In this systematic review and meta-analysis, frequency of bathing has not associated with scabies. This result is inconsistent with a study conducted in Nigeria [12]. This difference might be due to environmental and methodological difference. The climate condition in Nigeria is hotter than Ethiopia, which is a favorable ground for scabies infestation.

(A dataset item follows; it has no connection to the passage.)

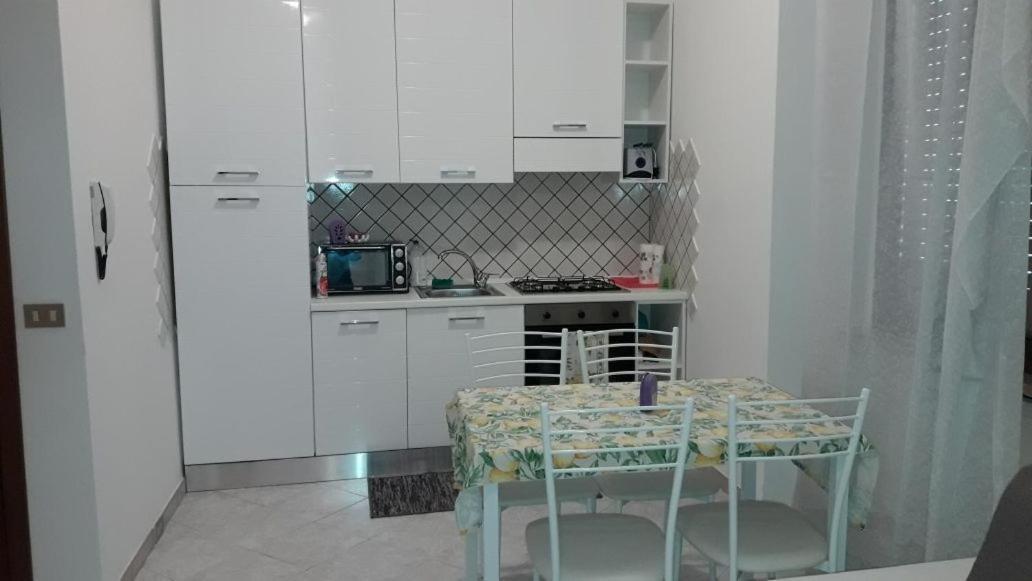 Ferienwohnung Marilyn House Desenzano del Garda Exterior foto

These studies reported that the odds of undergoing to scabies infestation were higher among persons any contact with scabies than who hadn’t. This finding also supported by a study conducted in Ethiopia [45] and consistent with a study conducted in Nigeria [12]. The possible reason could be related to peoples in Nigeria and Ethiopia is more or less similar in income status and resource poor settings. In addition to this, socio-cultural practice is about a similar habit of sharing, cloth and bed in these countries.

Limitations of the study

This meta-analysis has some limitations. The first limitation of this study was only English articles were considered to estimate the pooled prevalence and factors associated with scabies in Ethiopia. In addition, there were not enough studies of systematic reviews and meta-analysis of the problem to compare. Furthermore, in this review studies having a small sample size was included, which may have an effect on the estimated pooled prevalence reported. Therefore, this result might be affected social desirability bias. Lastly, in this meta-analysis study was found from only two regions of the country were represented, which may reflect non representation due to the limited number of articles included.

Conclusion

In this study, the prevalence of scabies in Ethiopia was significantly high. Family size and any contact with scabies case were found significantly associated with scabies infestation. Frequency of bathing and hand washing with soap was not significantly associated. Therefore, based our findings, we recommend for Ethiopian Ministry of Health to include scabies infestation prevention and control strategies under routine health care packages and to advocate families to have a separate room to overcome overcrowding. In addition, we recommend health care professionals to give health information to the community to improve the awareness towards the mode of transmission of scabies infestation i.e. to avoid causal skin contact with scabies case.